4) Continue the calculus (this step takes much more time than 2)
5) Wait for all the nonblocking operations to complete
6) If more calculus is needed, then go to 2
The blocking approach is exactly the same (same code) but in 3 the send
and receive operations are blocking and, of course, step 5 is omitted.
I use MPI Functions in 1) (MPI_Start), in 3) (MPI_Isend and MPI_Irecv)
and in 5) (MPI_Waitall)
¿Do I have to explicitly call more MPI functions in order to make the
communication progress?.
It is important to note that, if the buffer size to send/receive is
small, the nonblocking operations perform better, but as this size
increases, performance decreases and the blocking approach works better.
Please, tell me if I can provide more data to you.
Thanks.
> > -----Original Message-----
> > From: Brian W. Barrett [mailto:brbarret_at_[hidden]]
> > Sent: Wednesday, August 13, 2003 1:34 PM
> > To: General LAM/MPI mailing list
> > Subject: Re: LAM: Performance on MPI using nonblocking
> communications
> >
> >
> > On Tuesday, August 12, 2003, at 02:03 PM, Pablo Milano wrote:
> >
> > > I am testing performance on a parallel program written in
> > C++ with MPI.
> > > I compared the performance of the same program using blocking and
> > > nonblocking communications (MPI_Send/MPI_Recv on one side, and
> > > MPI_Isend/MPI_Irecv on the other).
> > > The strange point is that, if the size of the transmitted/received
> > > buffers is small, the nonblocking approach works better, but whit
> > > bigger
> > > sizes, the same approach works much worse than the blocking one.

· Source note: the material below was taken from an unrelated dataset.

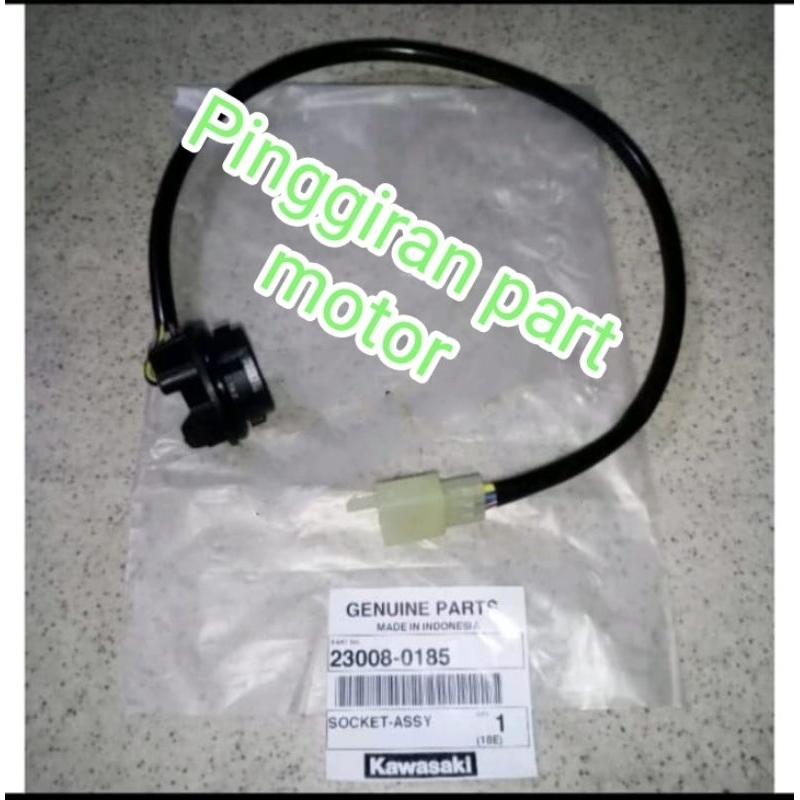 soket lampu belakang lampu stop W175 TR W175TR W175 SE W175 cafe W175TR original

> > > The bigger the buffer size, the worse the performance difference
> > > between
> > > blocking and nonblocking. ¿Does anybody have any experience with
> > > nonblocking communications in MPI?
> >
> > The performance characteristics you are seeing are not
> > typical for LAM.
> > There will be a slight performance difference between
> > non-blocking and
> > blocking communication, but it should be fairly small. One
> important
> > note about non-blocking communication in LAM - there is
> virtually no
> > progress made on message transmission for messages larger
> > than 64K when
> > you are not in an MPI function. Some benchmarks (very few, really)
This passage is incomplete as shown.